WORK TASK >>
The answer should be an exact copy of the data.

GIVEN RECORDS >>
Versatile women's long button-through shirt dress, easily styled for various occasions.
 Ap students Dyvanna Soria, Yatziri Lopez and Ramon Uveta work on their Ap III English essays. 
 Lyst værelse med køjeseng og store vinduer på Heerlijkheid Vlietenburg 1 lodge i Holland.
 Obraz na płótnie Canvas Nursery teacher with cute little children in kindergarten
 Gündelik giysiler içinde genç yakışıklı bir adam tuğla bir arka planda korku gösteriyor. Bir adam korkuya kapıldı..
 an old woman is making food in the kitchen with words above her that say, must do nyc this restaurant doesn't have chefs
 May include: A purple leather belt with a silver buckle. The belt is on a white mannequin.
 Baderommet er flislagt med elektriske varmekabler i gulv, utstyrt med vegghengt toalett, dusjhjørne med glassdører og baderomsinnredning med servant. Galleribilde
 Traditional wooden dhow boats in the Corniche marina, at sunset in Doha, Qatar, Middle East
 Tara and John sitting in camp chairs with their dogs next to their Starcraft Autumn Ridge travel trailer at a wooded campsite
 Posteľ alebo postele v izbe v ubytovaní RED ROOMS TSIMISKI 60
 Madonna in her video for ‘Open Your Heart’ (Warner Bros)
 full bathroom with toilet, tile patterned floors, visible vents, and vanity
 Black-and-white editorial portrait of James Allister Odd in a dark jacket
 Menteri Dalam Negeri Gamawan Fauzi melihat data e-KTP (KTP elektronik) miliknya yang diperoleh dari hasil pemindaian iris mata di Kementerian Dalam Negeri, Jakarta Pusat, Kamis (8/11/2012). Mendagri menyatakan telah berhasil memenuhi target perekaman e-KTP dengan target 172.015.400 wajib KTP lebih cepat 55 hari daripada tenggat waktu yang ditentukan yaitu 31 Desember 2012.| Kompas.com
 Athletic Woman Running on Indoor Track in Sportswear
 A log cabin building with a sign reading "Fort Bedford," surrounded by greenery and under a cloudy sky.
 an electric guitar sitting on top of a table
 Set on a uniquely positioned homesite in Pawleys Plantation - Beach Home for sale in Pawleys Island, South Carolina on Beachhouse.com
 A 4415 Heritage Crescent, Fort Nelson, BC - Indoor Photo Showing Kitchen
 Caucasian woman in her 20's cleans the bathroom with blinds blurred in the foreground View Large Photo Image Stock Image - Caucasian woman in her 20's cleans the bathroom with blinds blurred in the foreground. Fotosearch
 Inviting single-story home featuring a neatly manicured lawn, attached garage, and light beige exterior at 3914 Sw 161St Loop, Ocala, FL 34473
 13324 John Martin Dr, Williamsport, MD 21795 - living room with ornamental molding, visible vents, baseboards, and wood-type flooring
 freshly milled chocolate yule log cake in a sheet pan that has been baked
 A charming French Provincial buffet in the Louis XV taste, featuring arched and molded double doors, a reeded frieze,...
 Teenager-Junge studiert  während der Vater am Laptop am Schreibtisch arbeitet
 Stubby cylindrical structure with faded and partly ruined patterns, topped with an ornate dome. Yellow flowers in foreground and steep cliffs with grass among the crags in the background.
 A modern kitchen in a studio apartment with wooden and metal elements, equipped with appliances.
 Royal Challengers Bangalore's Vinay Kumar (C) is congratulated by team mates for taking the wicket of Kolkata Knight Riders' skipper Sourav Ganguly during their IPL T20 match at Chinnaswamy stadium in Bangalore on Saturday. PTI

RESULT OF THIS TASK >>
Versatile women's long button-through shirt dress, easily styled for various occasions.
 Ap students Dyvanna Soria, Yatziri Lopez and Ramon Uveta work on their Ap III English essays. 
 Lyst værelse med køjeseng og store vinduer på Heerlijkheid Vlietenburg 1 lodge i Holland.
 Obraz na płótnie Canvas Nursery teacher with cute little children in kindergarten
 Gündelik giysiler içinde genç yakışıklı bir adam tuğla bir arka planda korku gösteriyor. Bir adam korkuya kapıldı..
 an old woman is making food in the kitchen with words above her that say, must do nyc this restaurant doesn't have chefs
 May include: A purple leather belt with a silver buckle. The belt is on a white mannequin.
 Baderommet er flislagt med elektriske varmekabler i gulv, utstyrt med vegghengt toalett, dusjhjørne med glassdører og baderomsinnredning med servant. Galleribilde
 Traditional wooden dhow boats in the Corniche marina, at sunset in Doha, Qatar, Middle East
 Tara and John sitting in camp chairs with their dogs next to their Starcraft Autumn Ridge travel trailer at a wooded campsite
 Posteľ alebo postele v izbe v ubytovaní RED ROOMS TSIMISKI 60
 Madonna in her video for ‘Open Your Heart’ (Warner Bros)
 full bathroom with toilet, tile patterned floors, visible vents, and vanity
 Black-and-white editorial portrait of James Allister Odd in a dark jacket
 Menteri Dalam Negeri Gamawan Fauzi melihat data e-KTP (KTP elektronik) miliknya yang diperoleh dari hasil pemindaian iris mata di Kementerian Dalam Negeri, Jakarta Pusat, Kamis (8/11/2012). Mendagri menyatakan telah berhasil memenuhi target perekaman e-KTP dengan target 172.015.400 wajib KTP lebih cepat 55 hari daripada tenggat waktu yang ditentukan yaitu 31 Desember 2012.| Kompas.com
 Athletic Woman Running on Indoor Track in Sportswear
 A log cabin building with a sign reading "Fort Bedford," surrounded by greenery and under a cloudy sky.
 an electric guitar sitting on top of a table
 Set on a uniquely positioned homesite in Pawleys Plantation - Beach Home for sale in Pawleys Island, South Carolina on Beachhouse.com
 A 4415 Heritage Crescent, Fort Nelson, BC - Indoor Photo Showing Kitchen
 Caucasian woman in her 20's cleans the bathroom with blinds blurred in the foreground View Large Photo Image Stock Image - Caucasian woman in her 20's cleans the bathroom with blinds blurred in the foreground. Fotosearch
 Inviting single-story home featuring a neatly manicured lawn, attached garage, and light beige exterior at 3914 Sw 161St Loop, Ocala, FL 34473
 13324 John Martin Dr, Williamsport, MD 21795 - living room with ornamental molding, visible vents, baseboards, and wood-type flooring
 freshly milled chocolate yule log cake in a sheet pan that has been baked
 A charming French Provincial buffet in the Louis XV taste, featuring arched and molded double doors, a reeded frieze,...
 Teenager-Junge studiert  während der Vater am Laptop am Schreibtisch arbeitet
 Stubby cylindrical structure with faded and partly ruined patterns, topped with an ornate dome. Yellow flowers in foreground and steep cliffs with grass among the crags in the background.
 A modern kitchen in a studio apartment with wooden and metal elements, equipped with appliances.
 Royal Challengers Bangalore's Vinay Kumar (C) is congratulated by team mates for taking the wicket of Kolkata Knight Riders' skipper Sourav Ganguly during their IPL T20 match at Chinnaswamy stadium in Bangalore on Saturday. PTI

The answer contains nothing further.